Our dog, Cailie, who is quite the high-energy young girl (a 14th month old Australian Shepherd), usually gets at least two solid hours of physical exercise each day. It’s just too uncomfortable for us to be outside in the heat past the 10:00 am mark. Cailie was recently spayed and was put on 7 days of on-leash, restricted activity. Even one day of inactivity brings about restlessness in our high-energy girl.
Even though I took her on multiple, slow, on-leash “sniff walks” during the cool mornings and late evenings, I noticed she has a little less tolerant for frustration and was more tempted to use her mouth on inappropriate objects. In general, she was a little more fractious. Time to add brain games to Cailie’s day.
Brain games are mental enrichment for your dog.
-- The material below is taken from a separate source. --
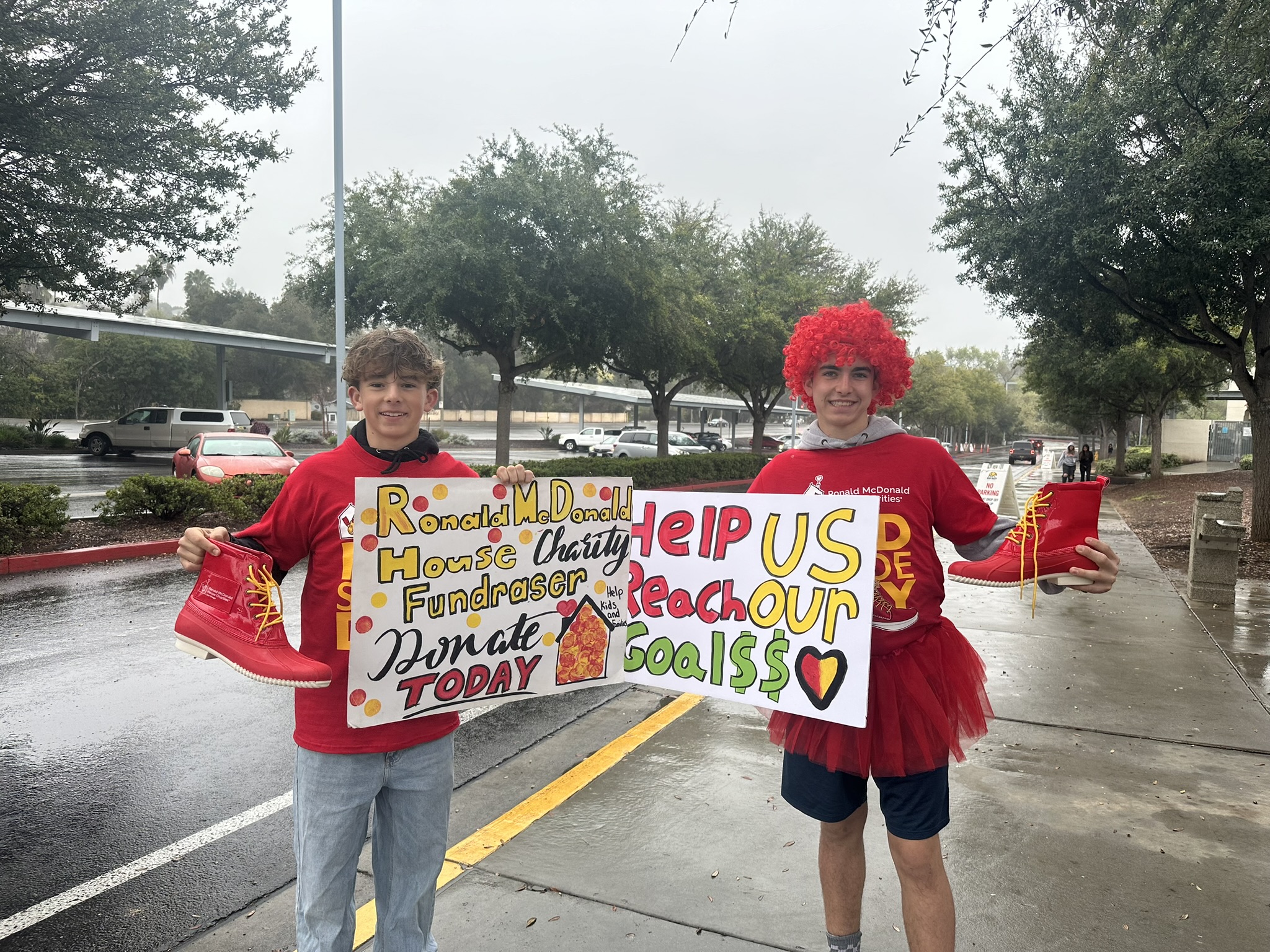 two boys dressed up for Red Shoe Day and holding home-made signs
Brain work. In the wild, dogs spend a great deal of their waking time trying to obtain food. Think of the mental (and certainly physical) exercise this quest demands. Plopping down an entire bowl of food and having your dog gobble it up in less than a minute certainly nixes nature’s design.
Drawing out the length of time it takes your dog to eat, and having him work to get the food out of something other than a traditional food bowl, adds fantastic mental stimulation.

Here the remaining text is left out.